| Material shown |

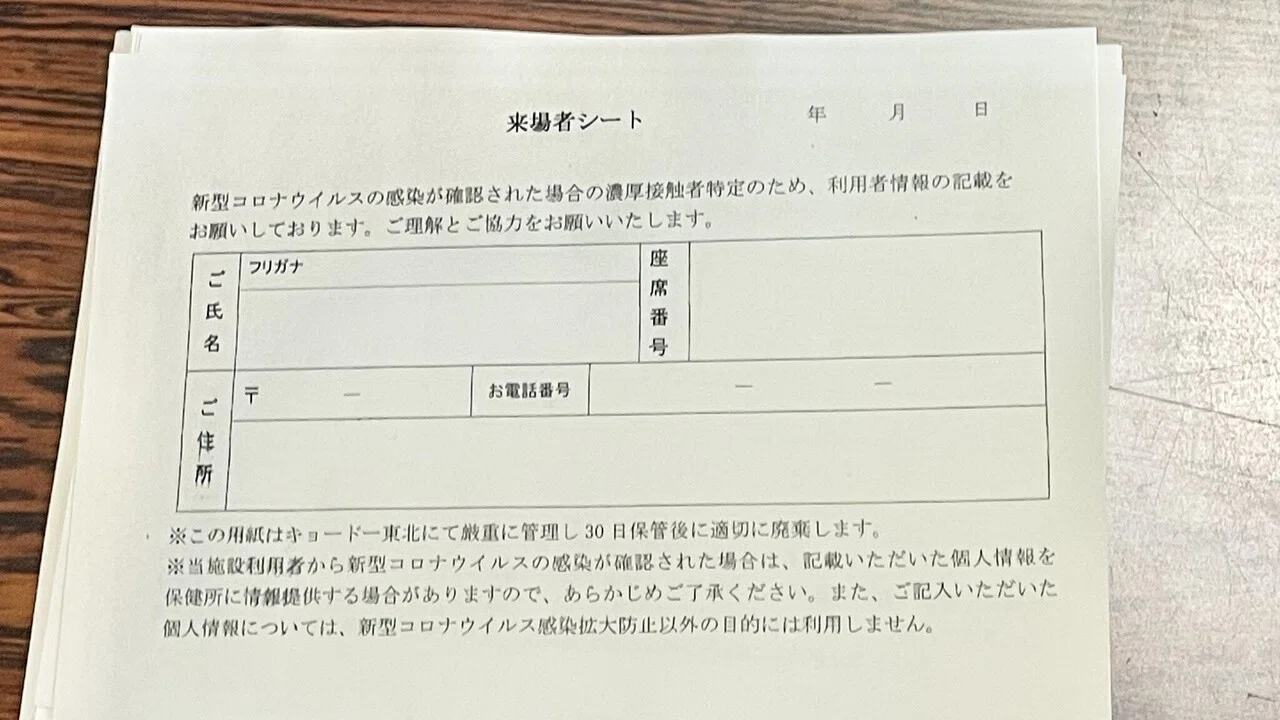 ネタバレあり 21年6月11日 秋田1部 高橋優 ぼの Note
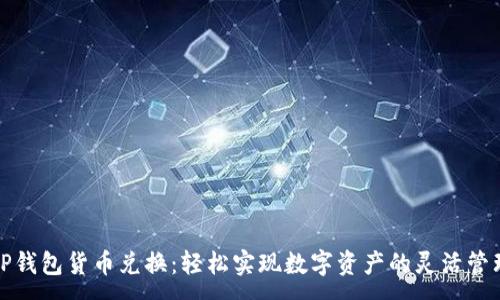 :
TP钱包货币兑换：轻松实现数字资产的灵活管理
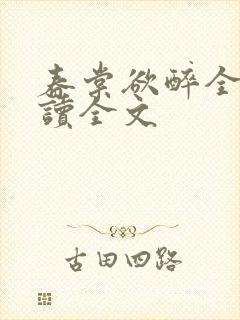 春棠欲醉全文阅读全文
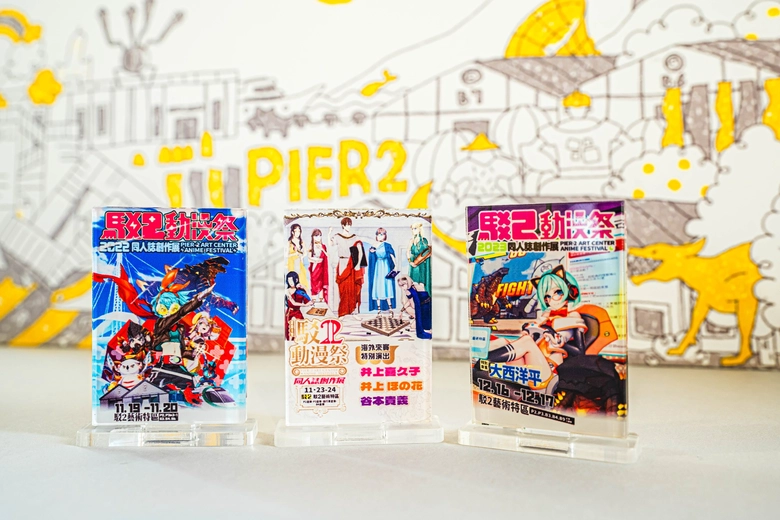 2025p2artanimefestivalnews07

| The task |
Reproduce everything above exactly, images excluded.

| Exercise answer |
 ネタバレあり 21年6月11日 秋田1部 高橋優 ぼの Note
 :
TP钱包货币兑换：轻松实现数字资产的灵活管理
 春棠欲醉全文阅读全文
 2025p2artanimefestivalnews07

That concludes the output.